Strong working relationships allow everyone to share insights, ask questions and do their best work without fear. To get that critical sense of safety, you have to know how to build trust within a team.
When employees don’t feel trusted or respected to do the job they’ve been employed to do resentment can start to build up and we can start to see the signs of quiet quitting.
And then they leave.
Lack of respect and trust can be seen in the way people are spoken to, the work they receive (too much, too boring) or the way their manager monitors their movements throughout the day.
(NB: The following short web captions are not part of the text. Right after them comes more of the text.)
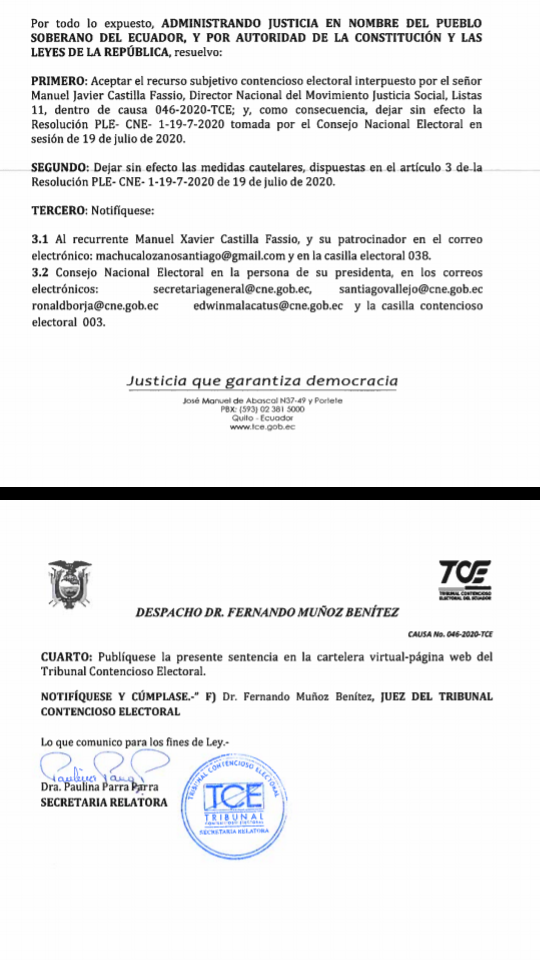DanielTelloC5's tweet photo. La primera fuerza política del Ecuador se llama Compromiso Social por la Revolución Ciudadana, lista 5, que hoy el Tribunal Contencioso Electoral da una vez más la razón para su participación en las elecciones del 2021 #YoSoyCompromisoSocial5 #LaDemocraciaSeRespeta #EcuadorConLa5 https://t.co/3jN0EuP5RP
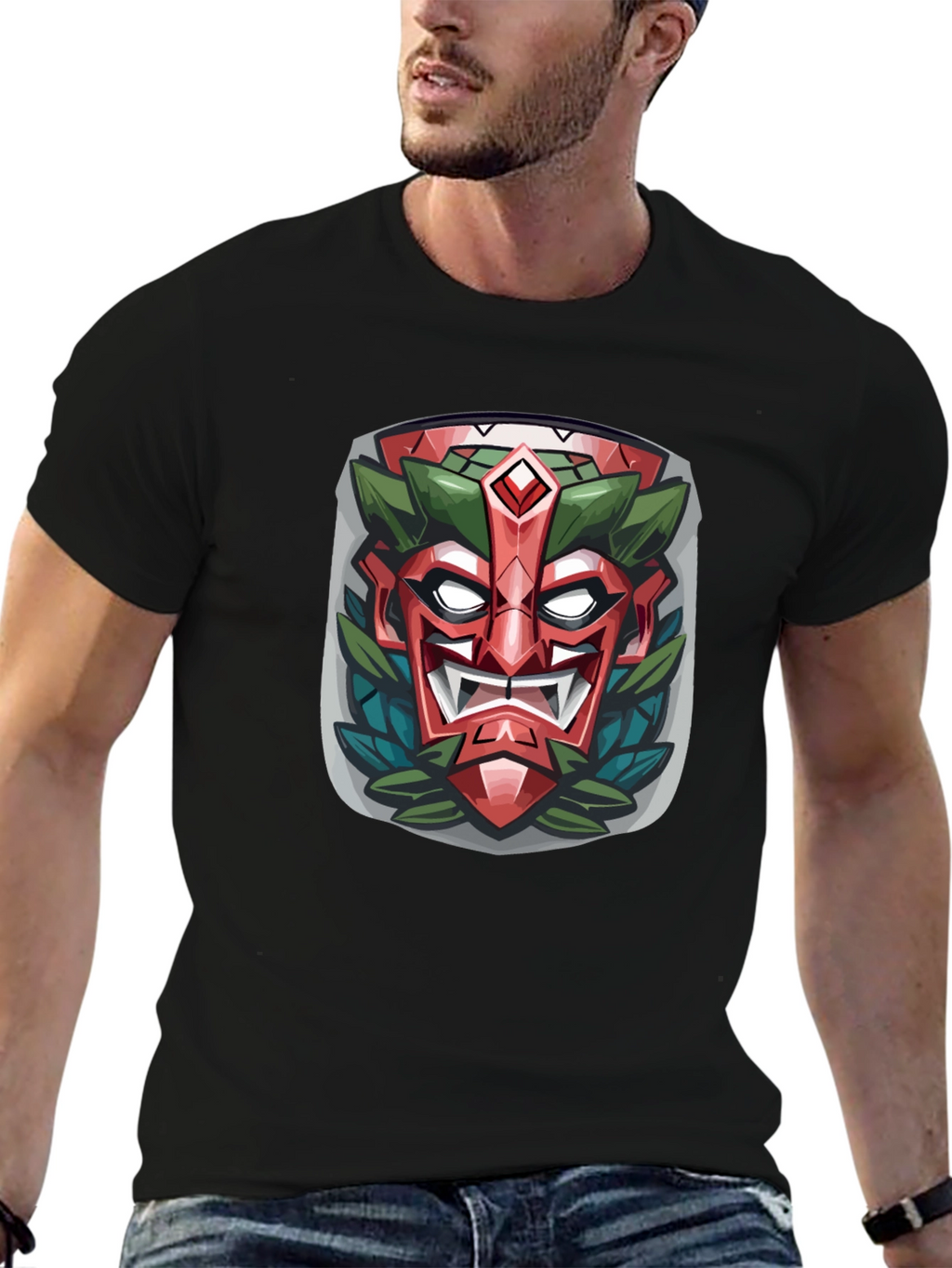 Tiki Mask Graphic Tee - Tribal Style Black T-Shirt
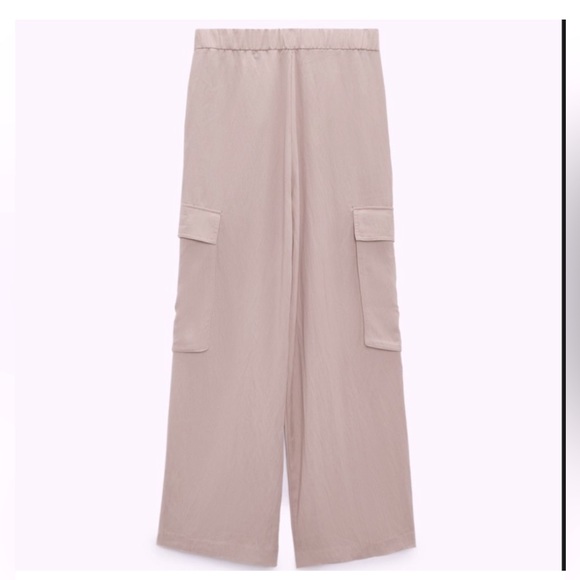 ZARA Dusty Rose Asymmetrical Elastic Waist Wide Leg Cargo Utility Pants - Picture 4 of 7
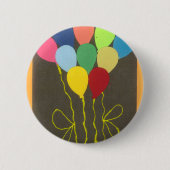 Farbenfrohe Balloons Grafik-Design Button (Vorderseite)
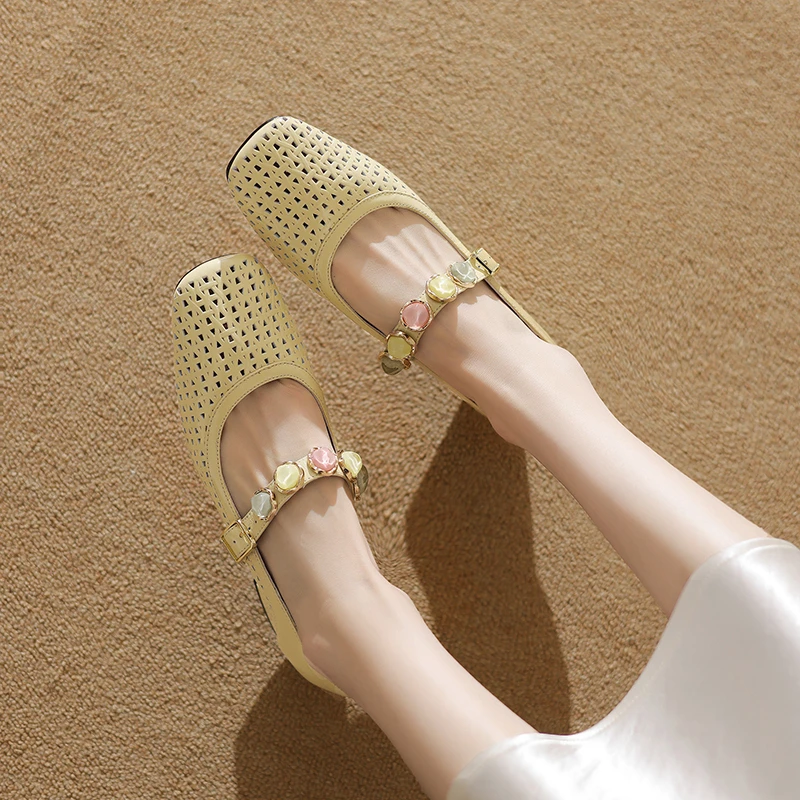 4cm 春夏季圆头时装高跟凉鞋法式复古一字浅口玛丽珍百搭女单鞋子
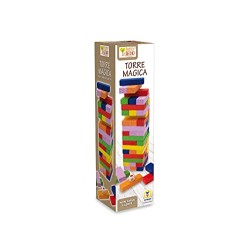 TEOREMA FATTO DI LEGNO - GIOCO TORRE MAGICA 54 PZ COLOR.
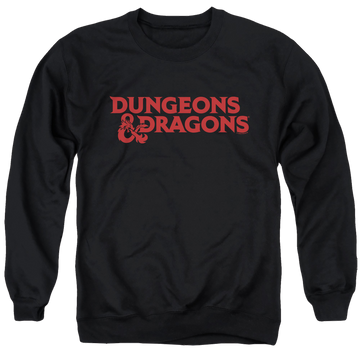 Black men's crewneck sweatshirt with Dungeons & Dragons Type Logo graphic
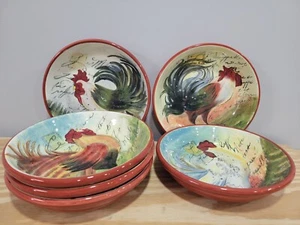 Certified International Le Rooster 9" Individual Pasta Bowls - Set of 6 - Picture 1 of 6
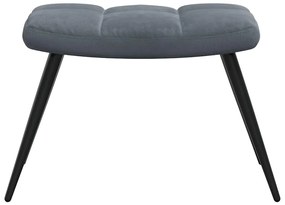 vidaXL Πολυθρόνα Relax Σκούρο Γκρι Βελούδινη με Σκαμπό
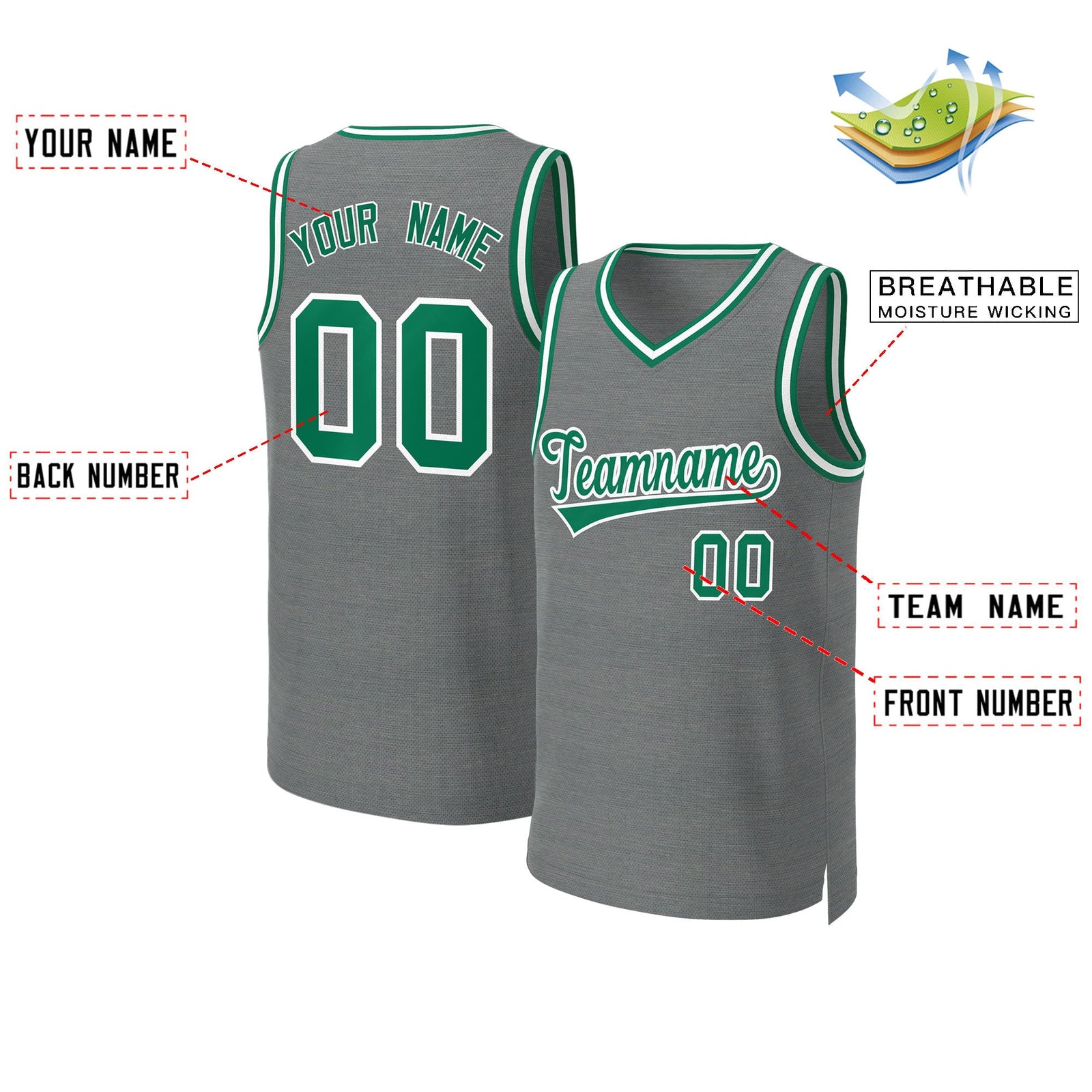 Custom Dark Gray Kelly Green-White Classic Tops Basketball Jersey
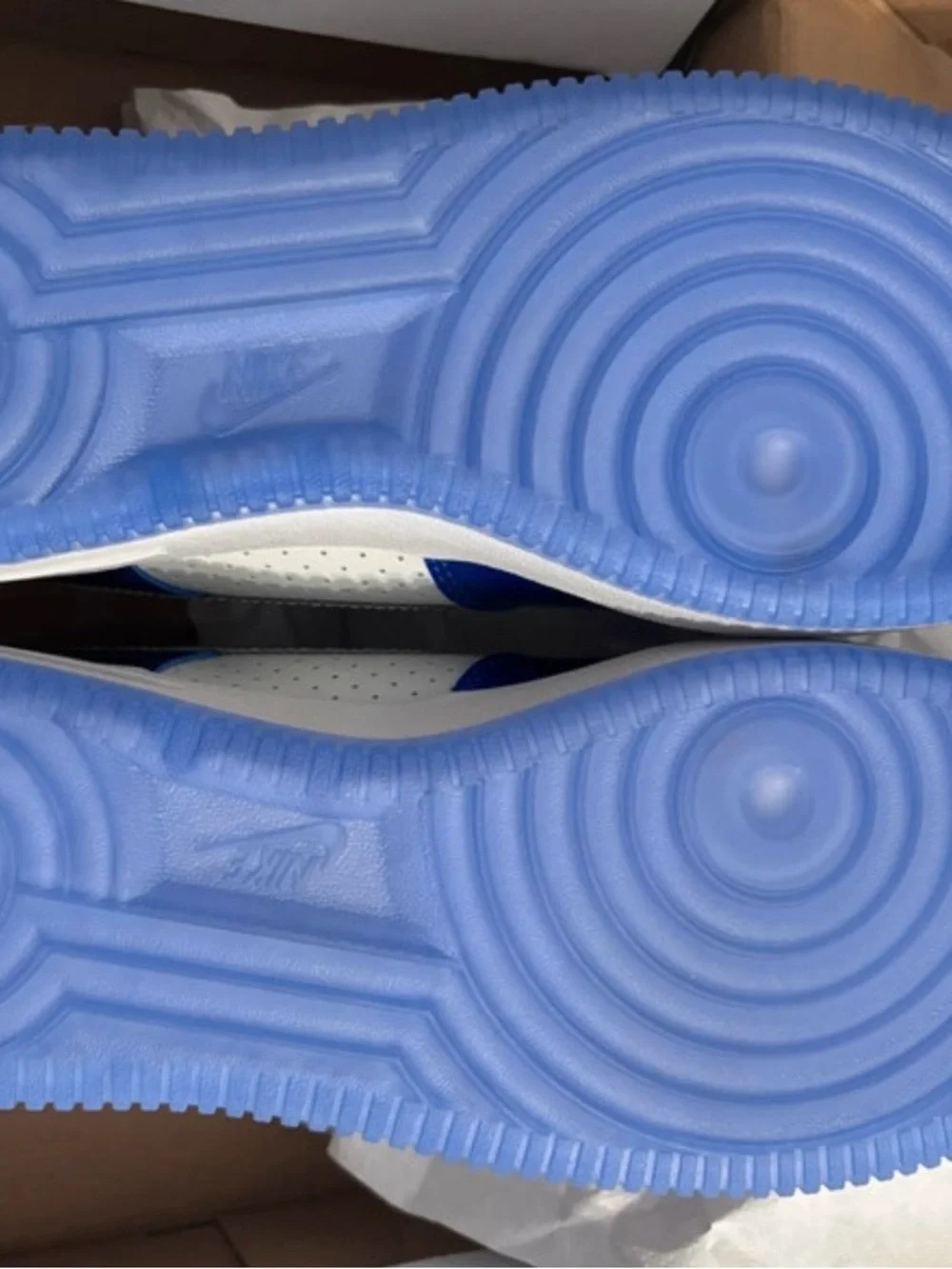 Nike Low-Top Sneakers in Bright Blue and White with Iridescent Swoosh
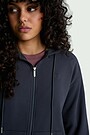 Cotton French terry full-zip hoodie 2 | GREY | Audimas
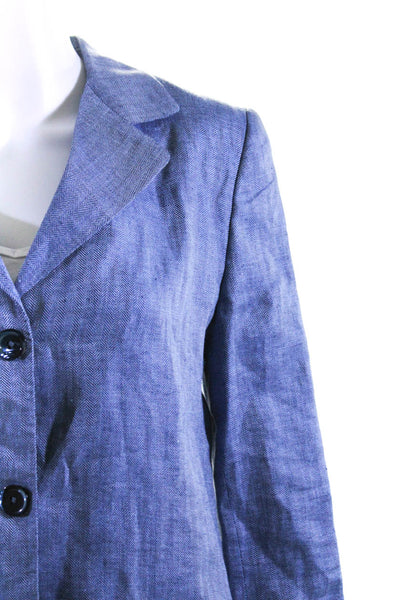 Women By Peter Elliot Womens Blue Three Button Long Sleeve Blazer Size M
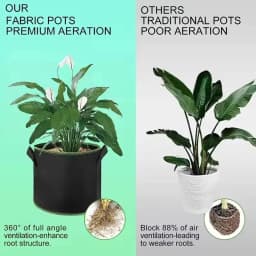 1-10PCS Non-Woven Grow Bags Aeration Fabric Pots with Handles Flower Pot Vegetable/Flower/Plant Grow Bags 3/5/7/10/15/20 Gallon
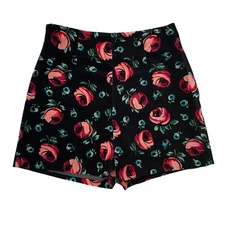 Vintage 90s Esprit Velvet Rose Floral High Waisted Shorts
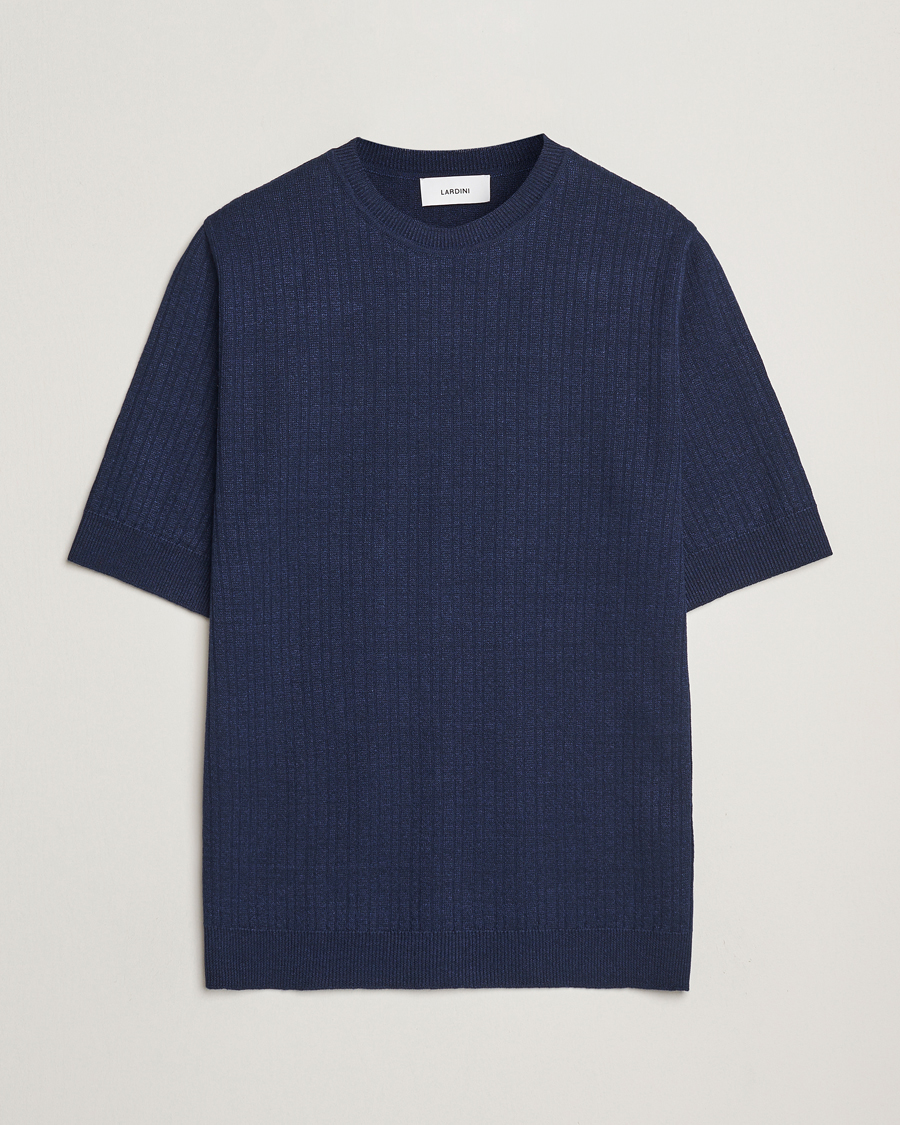 Hombres | Camisetas | Lardini | Knitted Linen/Cotton T-Shirt Navy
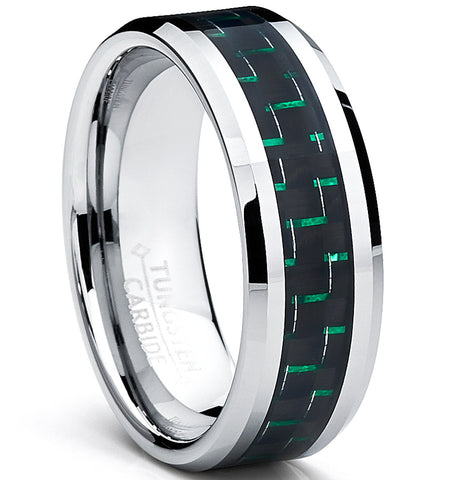9MM Men's Tungsten Carbide Ring W/ BLACK & GREEN Carbon Fiber Inlay Sizes 7 to 13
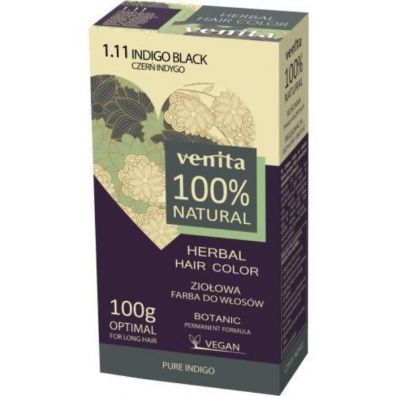Venita Herbal Hair Color ziołowa farba do włosów 1.11 Czerń Indygo 100 g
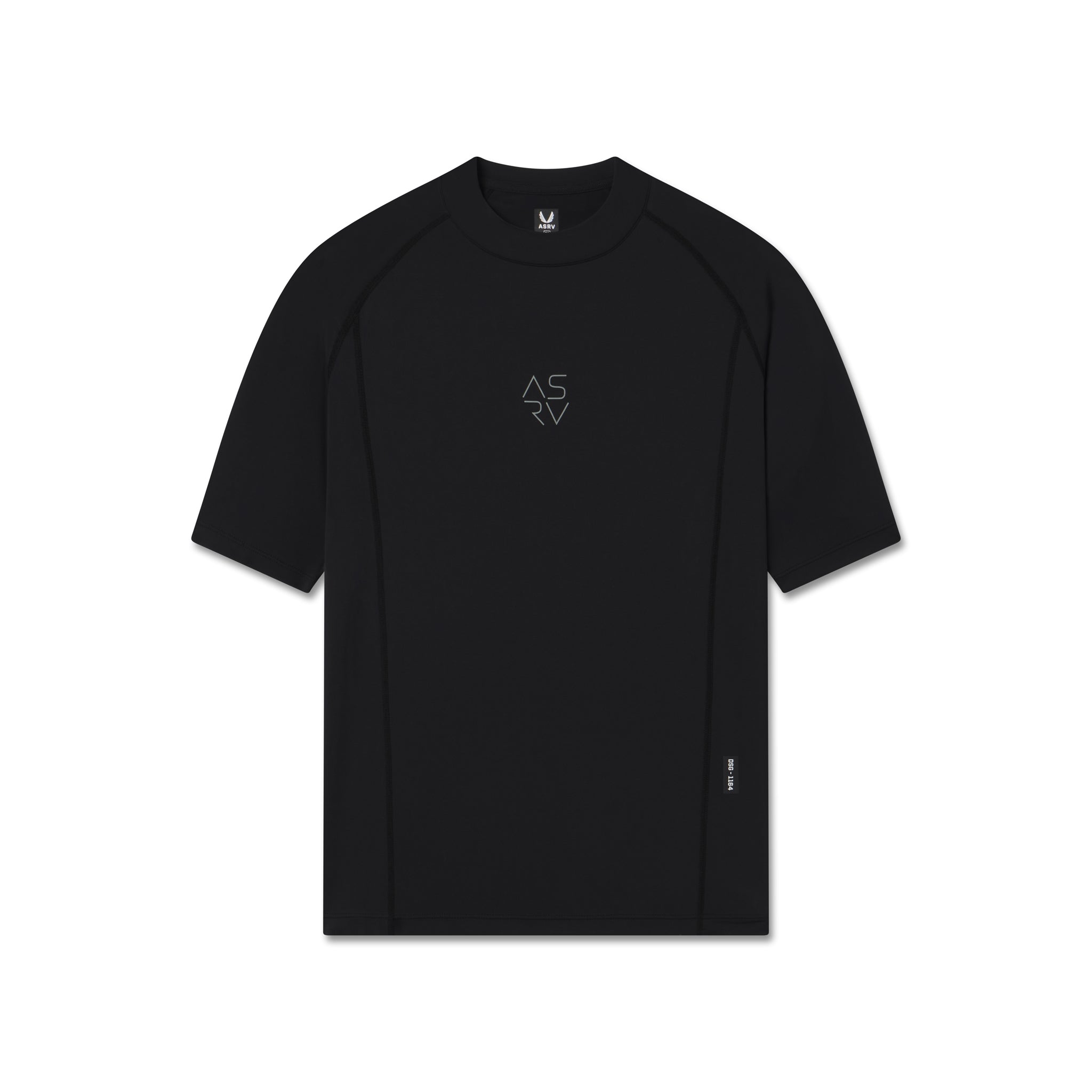 flatlay LYCRA® ADAPTIV Baselayer Shortsleeve in black, front view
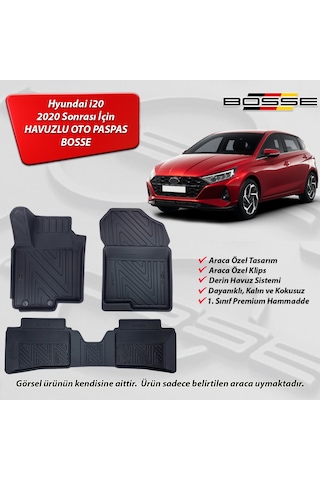 Hyundai i20 Paspas Araca Özel 2020 Ve Sonrası BOSSE 3D Havuzlu Oto Paspas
When work from home orders were implemented in 2020 the sales of tracking software went through the roof. Leaders unable to observe employees in the office were convinced without them overseeing their every move they would surely spend their days on Tik Tok.
Never mind they could just track output to ensure work was still being completed, for many the first response demonstrated their lack of trust in their workforce, and were very *surprised Pikachu face* when the resignations started rolling in.
People don’t set out with the intention to be a poor leader, but frequently people are promoted and placed into positions without adequate leadership training. They just don’t know any better.
The Emotional Intelligence Factor
One of the fundamental roles of a leader is to build positive relationships with those they associate with. When leaders possess such characteristics they are able to engage their team, as their team feel understood, supported and encouraged.
This has positive effects on the organisation and those in it will feel comfortable contributing to organisational objectives. Having anyone in management positions exercising emotional intelligence leads to a more robust and high performing organisation.
If leaders don’t have the characteristics which contribute to emotional intelligence, it is likely that they will inhibit their ability to be an an effective leader and the organisation will be negatively affected, irrespective of their technical knowledge. You can read more about emotional intelligence HERE
It’s time for HR to move beyond policies, practices and processes, HR’s value proposition to business is to ensure HR professionals and their practices’ produce positive outcomes for key stakeholders, employees, line managers, customers and investors.